Task data –

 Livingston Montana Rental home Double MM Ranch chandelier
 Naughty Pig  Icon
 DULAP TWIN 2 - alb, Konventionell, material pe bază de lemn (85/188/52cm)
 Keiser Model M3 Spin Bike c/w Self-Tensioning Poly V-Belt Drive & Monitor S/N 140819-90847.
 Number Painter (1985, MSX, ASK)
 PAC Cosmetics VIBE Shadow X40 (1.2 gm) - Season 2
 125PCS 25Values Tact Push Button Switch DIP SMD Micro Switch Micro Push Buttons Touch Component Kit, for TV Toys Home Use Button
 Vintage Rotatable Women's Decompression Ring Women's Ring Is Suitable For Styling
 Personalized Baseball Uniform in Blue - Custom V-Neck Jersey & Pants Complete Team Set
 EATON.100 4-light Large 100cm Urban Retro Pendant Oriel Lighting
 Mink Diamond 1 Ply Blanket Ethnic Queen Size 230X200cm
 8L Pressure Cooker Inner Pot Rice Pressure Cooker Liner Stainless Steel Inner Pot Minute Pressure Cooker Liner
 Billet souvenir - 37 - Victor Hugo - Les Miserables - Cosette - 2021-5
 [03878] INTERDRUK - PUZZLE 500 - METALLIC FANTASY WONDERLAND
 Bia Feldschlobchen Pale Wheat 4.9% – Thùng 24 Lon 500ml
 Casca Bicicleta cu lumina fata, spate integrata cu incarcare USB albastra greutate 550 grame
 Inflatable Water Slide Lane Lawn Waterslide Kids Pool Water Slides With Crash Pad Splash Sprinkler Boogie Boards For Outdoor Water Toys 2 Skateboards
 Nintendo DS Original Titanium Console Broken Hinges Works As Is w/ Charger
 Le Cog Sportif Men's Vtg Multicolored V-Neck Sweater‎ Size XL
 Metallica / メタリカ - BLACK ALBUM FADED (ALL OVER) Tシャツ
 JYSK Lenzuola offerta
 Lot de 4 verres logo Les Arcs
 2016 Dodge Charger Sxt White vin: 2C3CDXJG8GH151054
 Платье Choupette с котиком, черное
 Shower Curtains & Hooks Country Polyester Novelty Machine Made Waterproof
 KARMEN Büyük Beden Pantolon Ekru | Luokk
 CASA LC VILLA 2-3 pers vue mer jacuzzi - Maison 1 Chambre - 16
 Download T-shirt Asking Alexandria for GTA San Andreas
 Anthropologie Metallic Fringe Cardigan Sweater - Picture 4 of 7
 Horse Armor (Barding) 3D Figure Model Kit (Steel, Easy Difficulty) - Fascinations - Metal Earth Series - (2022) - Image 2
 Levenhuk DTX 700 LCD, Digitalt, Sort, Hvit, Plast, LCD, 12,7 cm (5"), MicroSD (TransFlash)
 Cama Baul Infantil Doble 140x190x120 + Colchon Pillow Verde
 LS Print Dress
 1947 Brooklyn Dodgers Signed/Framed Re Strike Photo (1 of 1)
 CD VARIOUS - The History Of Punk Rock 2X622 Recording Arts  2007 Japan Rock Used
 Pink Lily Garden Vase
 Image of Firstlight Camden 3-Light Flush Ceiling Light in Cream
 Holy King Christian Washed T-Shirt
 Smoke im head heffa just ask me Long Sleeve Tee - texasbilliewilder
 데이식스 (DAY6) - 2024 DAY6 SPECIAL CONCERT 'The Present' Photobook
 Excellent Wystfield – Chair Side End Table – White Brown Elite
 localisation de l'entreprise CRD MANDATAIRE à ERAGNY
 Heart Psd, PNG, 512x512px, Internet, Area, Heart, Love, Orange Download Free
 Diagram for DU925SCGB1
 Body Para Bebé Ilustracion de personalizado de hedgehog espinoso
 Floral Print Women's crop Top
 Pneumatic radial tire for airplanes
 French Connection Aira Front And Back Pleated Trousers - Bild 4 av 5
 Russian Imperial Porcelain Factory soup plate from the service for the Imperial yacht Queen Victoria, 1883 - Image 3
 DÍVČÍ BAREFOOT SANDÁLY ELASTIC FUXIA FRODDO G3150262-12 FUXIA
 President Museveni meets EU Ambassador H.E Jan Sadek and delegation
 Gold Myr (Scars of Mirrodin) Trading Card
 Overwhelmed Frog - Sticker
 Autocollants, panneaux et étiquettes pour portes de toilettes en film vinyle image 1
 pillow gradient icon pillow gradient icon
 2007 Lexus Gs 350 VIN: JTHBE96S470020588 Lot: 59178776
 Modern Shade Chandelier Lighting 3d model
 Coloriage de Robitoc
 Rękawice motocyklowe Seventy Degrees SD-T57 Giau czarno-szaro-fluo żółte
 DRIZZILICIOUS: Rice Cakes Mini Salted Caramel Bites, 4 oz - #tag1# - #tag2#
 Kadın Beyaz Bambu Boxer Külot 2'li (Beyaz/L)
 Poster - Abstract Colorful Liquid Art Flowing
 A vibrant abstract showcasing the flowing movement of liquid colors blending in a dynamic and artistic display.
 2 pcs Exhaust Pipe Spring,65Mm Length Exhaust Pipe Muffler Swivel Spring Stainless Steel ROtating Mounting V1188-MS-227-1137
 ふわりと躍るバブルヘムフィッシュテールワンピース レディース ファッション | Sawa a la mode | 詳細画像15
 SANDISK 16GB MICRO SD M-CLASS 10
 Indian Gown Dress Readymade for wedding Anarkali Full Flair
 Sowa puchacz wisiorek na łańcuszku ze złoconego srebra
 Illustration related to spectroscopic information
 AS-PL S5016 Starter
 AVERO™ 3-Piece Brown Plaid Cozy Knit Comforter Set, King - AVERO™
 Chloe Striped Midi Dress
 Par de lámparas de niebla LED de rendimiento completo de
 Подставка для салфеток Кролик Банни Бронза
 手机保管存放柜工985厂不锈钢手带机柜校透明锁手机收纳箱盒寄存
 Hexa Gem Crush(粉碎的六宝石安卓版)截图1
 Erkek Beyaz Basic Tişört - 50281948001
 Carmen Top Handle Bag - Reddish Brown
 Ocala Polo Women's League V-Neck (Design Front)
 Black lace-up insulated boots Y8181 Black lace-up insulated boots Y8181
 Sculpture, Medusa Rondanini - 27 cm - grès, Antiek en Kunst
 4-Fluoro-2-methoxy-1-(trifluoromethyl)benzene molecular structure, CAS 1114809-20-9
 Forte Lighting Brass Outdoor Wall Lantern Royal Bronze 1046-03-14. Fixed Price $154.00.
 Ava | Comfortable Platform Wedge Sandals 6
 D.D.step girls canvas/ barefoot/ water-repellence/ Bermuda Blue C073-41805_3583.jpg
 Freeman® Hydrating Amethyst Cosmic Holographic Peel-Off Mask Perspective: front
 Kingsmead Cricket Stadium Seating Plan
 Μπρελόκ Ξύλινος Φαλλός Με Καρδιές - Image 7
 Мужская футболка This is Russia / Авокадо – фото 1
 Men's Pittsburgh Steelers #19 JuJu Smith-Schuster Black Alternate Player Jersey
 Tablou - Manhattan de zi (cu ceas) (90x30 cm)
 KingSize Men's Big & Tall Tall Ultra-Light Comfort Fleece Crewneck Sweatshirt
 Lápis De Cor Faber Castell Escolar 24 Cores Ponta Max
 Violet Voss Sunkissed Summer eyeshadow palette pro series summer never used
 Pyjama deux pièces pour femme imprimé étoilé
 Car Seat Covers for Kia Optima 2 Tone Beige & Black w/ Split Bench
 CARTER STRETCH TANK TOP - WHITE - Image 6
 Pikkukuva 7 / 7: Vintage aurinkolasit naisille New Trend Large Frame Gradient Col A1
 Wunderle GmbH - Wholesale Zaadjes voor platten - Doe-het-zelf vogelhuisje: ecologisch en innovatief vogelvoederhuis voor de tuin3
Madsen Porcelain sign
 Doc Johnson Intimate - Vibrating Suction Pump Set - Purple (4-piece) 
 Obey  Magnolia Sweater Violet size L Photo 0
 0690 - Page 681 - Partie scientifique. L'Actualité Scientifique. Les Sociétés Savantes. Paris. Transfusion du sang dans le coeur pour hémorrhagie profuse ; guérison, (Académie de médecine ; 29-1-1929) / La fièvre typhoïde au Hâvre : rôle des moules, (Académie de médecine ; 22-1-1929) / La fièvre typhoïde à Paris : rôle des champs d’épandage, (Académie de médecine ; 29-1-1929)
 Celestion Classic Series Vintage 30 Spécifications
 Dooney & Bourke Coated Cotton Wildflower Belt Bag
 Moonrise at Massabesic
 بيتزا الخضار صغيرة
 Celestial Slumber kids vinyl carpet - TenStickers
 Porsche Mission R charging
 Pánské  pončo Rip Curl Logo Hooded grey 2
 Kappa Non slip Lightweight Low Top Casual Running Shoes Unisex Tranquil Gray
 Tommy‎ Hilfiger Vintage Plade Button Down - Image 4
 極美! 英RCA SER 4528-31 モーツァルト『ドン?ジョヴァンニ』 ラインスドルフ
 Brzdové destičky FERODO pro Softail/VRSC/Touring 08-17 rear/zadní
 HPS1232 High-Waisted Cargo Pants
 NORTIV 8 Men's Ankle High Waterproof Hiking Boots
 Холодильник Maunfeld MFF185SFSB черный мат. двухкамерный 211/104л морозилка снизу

Assignment – Retype only the stretch of lines above starting at the one with "AVERO™ 3-Piece Brown" and stopping at the one with "Sculpture, Medusa Rondanini", exactly as written, with both kept.

Response for this exercise –
 AVERO™ 3-Piece Brown Plaid Cozy Knit Comforter Set, King - AVERO™
 Chloe Striped Midi Dress
 Par de lámparas de niebla LED de rendimiento completo de
 Подставка для салфеток Кролик Банни Бронза
 手机保管存放柜工985厂不锈钢手带机柜校透明锁手机收纳箱盒寄存
 Hexa Gem Crush(粉碎的六宝石安卓版)截图1
 Erkek Beyaz Basic Tişört - 50281948001
 Carmen Top Handle Bag - Reddish Brown
 Ocala Polo Women's League V-Neck (Design Front)
 Black lace-up insulated boots Y8181 Black lace-up insulated boots Y8181
 Sculpture, Medusa Rondanini - 27 cm - grès, Antiek en Kunst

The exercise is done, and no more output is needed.